**DIRECTIONS**
Your job with the data below: print everything from the line that holds "Hermanos Hotel" down to the line that holds "Опел и Фолксваген", ends included, exactly, and nothing else.

**EXERCISE DATA**
"""

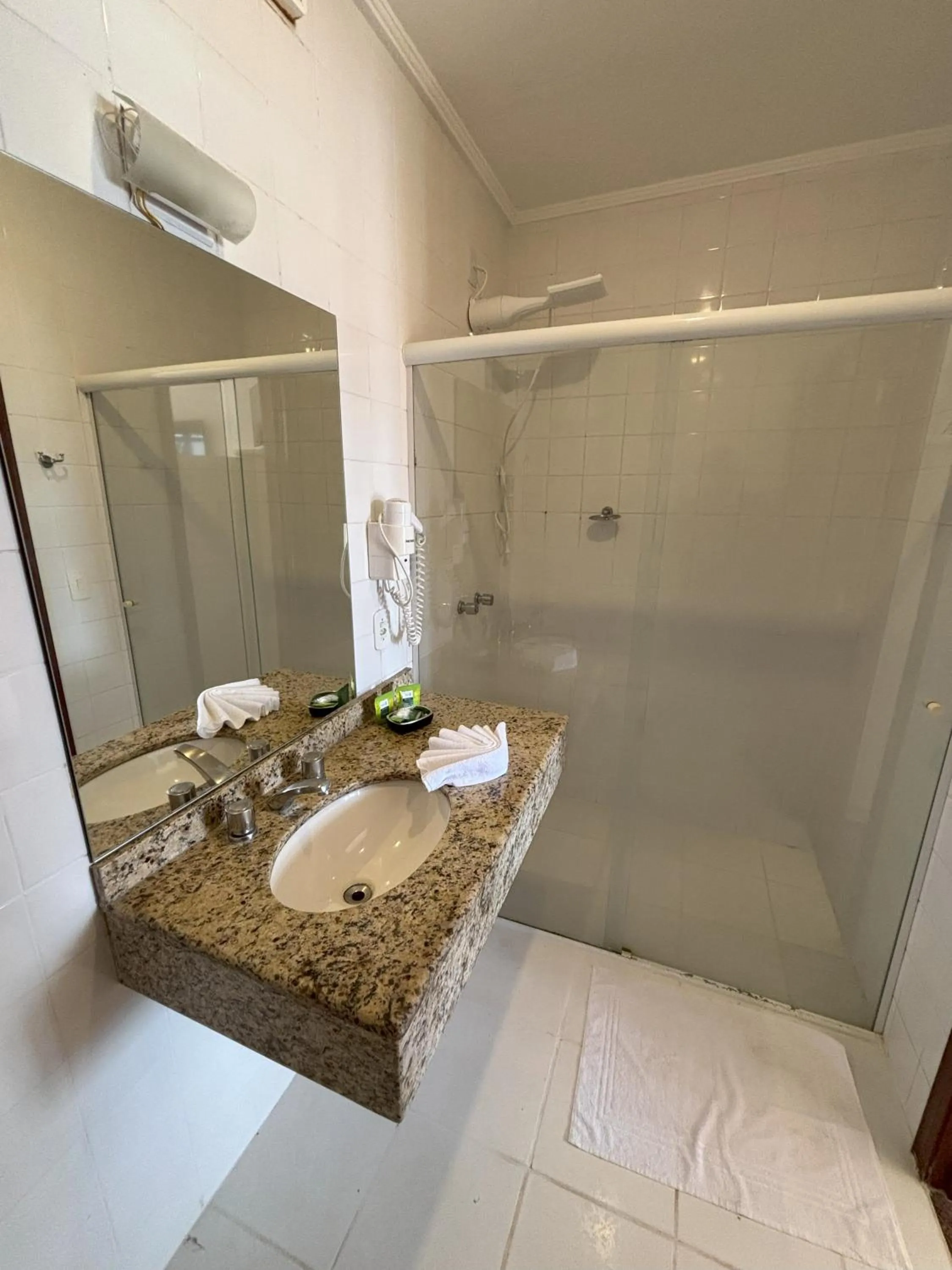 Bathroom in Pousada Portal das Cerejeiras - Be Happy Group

"""
"""

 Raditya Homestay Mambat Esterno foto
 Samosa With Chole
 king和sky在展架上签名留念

"""
"""

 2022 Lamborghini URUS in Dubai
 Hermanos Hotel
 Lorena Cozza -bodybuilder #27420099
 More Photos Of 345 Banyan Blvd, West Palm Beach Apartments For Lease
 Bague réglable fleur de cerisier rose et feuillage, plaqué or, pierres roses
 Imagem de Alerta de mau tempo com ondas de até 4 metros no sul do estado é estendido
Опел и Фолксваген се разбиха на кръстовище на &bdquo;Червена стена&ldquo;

"""

**OUTPUT OF THE TASK**
 Hermanos Hotel
 Lorena Cozza -bodybuilder #27420099
 More Photos Of 345 Banyan Blvd, West Palm Beach Apartments For Lease
 Bague réglable fleur de cerisier rose et feuillage, plaqué or, pierres roses
 Imagem de Alerta de mau tempo com ondas de até 4 metros no sul do estado é estendido
Опел и Фолксваген се разбиха на кръстовище на &bdquo;Червена стена&ldquo;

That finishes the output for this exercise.